Disclamer
I am no serious mathematician, just curious
Context
I recently discovered some set theories, ZFC and IZF in particular.
It made me realize that I've studied math a whole year without even knowing what a set really is (it was nothing more than a collection of objects with neither order nor repetition, as in the Naive set theory).
On the one hand I can't blame my teacher because his only goal was for us to pass the entrance exam of some engineer school, and not to turn us into mathematicians,
But on the other hand, it doesn't make any sense to study groups and vector spaces, without a proper definition of what a set is.
Or does it ?
Questions
- Is mathematical consistency really necessary to study mathematics ? (Like having decided if yes or no the LEM holds)
- Can any axiomatic system really be independant ? (As an axiomatic system is defined to be a set of axioms along with the derived theorems)
You will get probably a lot of responses disagreeing with me on this site, because there are a lot of people here that focus a lot on these types of logical foundations. But in my experience, most mathematicians don't pay a lot of attention to this.
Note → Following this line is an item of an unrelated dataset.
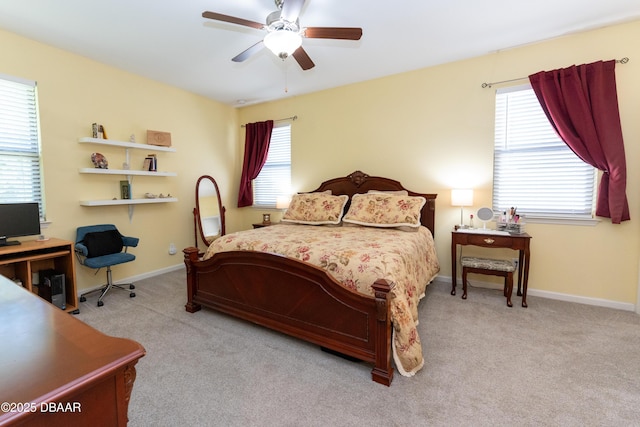 carpeted bedroom with baseboards and ceiling fan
Yes, logical consistency is important, but most mathematicians take the LEM and the AoC as given. Sets can be worked with on an intuitive level without worrying about a rigorous consideration of what model you are working with.
Of course, some mathematicians do research in the implication of different models of set theory, and are really interested in what different results can be proved under different sets of axioms. Their idea of mathematics looks more like pure logic to me, which I am not really interested in, and they would probably consider me sacrilegious for my lack of interest.